Application of a STUDENT WITH A DISABILITY, by his parents, for review of a determination of a hearing officer relating to the provision of educational services by the Board of Education of the Penfield Central School District

Appearances: 

Joyce B. Berkowitz, Esq., attorney for petitioners

Harris Beach PLLC, attorneys for respondent, David W. Oakes, Esq., of counsel

Decision

I. Introduction

            This proceeding arises under the Individuals with Disabilities Education Act (IDEA) (20 U.S.C. §§ 1400-1482) and Article 89 of the New York State Education Law.  Petitioners (the parents) appeal from a decision of an impartial hearing officer (IHO) which ordered a change in their son's placement to an interim alternative educational setting (IAES) following an expedited due process hearing wherein the IHO determined that maintaining the student's then-current placement was substantially likely to result in injury to the student or others.  The appeal must be dismissed.

II. Overview—Administrative Procedures

            A party aggrieved by the decision of an IHO may appeal to a State Review Officer (SRO) (Educ. Law § 4404[2]; see 20 U.S.C. § 1415[g][1]; 34 CFR 300.514[b][1]; 8 NYCRR 200.5[k]).  The appealing party or parties must identify the findings, conclusions, and orders of the IHO with which they disagree and indicate the relief that they would like the SRO to grant (8 NYCRR 279.4).  The opposing party is entitled to respond to an appeal or cross-appeal in an answer (8 NYCRR 279.5).  The SRO conducts an impartial review of the IHO's findings, conclusions, and decision and is required to examine the entire hearing record; ensure that the procedures at the hearing were consistent with the requirements of due process; seek additional evidence if necessary; and render an independent decision based upon the hearing record (34 CFR 300.514[b][2]; 8 NYCRR 279.12[a]).  The SRO must ensure that a final decision is reached in the review and that a copy of the decision is mailed to each of the parties not later than 30 days after the receipt of a request for a review, except that a party may seek a specific extension of time of the 30-day timeline, which the SRO may grant in accordance with State and federal regulations (34 CFR 300.515[b], [c]; 8 NYCRR 200.5[k][2]).[1]

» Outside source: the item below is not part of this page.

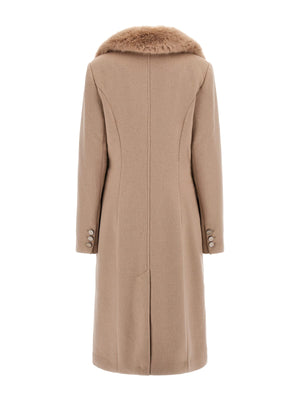 GUESS MANTEL LAURENCE BEIGE W3BL20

III. Facts and Procedural History

             The parties' familiarity with the facts and procedural history of the case and the IHO's decision is presumed and will not be recited here.[2]  The CSE convened on June 12, 2012 to determine the student's eligibility for special education and related services (Parent Ex. 1).[3]  The student has received a diagnosis with an attention deficit hyperactivity disorder (ADHD) (Dist. Ex. 26 at p. 1).  Having found that the student was eligible to receive special education and related services as a student with an other health-impairment,[4] the June CSE recommended that the student receive direct and indirect consult teacher services for one hour per school day and individual counseling once per week for 30 minutes (Parent Ex. 1 at pp. 1, 8).[5]

            An expedited impartial hearing convened on May 8, 2013 and concluded on May 9, 2013 after two days of proceedings (Tr. pp. 1-425).  In a decision dated May 16, 2013, the IHO determined that maintaining the current placement of the student was substantially likely to result in injury to the student or others (IHO Decision at pp. 3-7).  The IHO ordered that the student be removed from his current placement to an IAES—consisting of three hours per day of home-based instruction and home-based counseling once per six-day school cycle for 30 minutes—for 45 days, commencing on May 20, 2013 (id. at p. 7).  In the alternative, the IHO provided the parents the opportunity to send the student to an out-of-district public school program previously suggested for the student by the district (id.).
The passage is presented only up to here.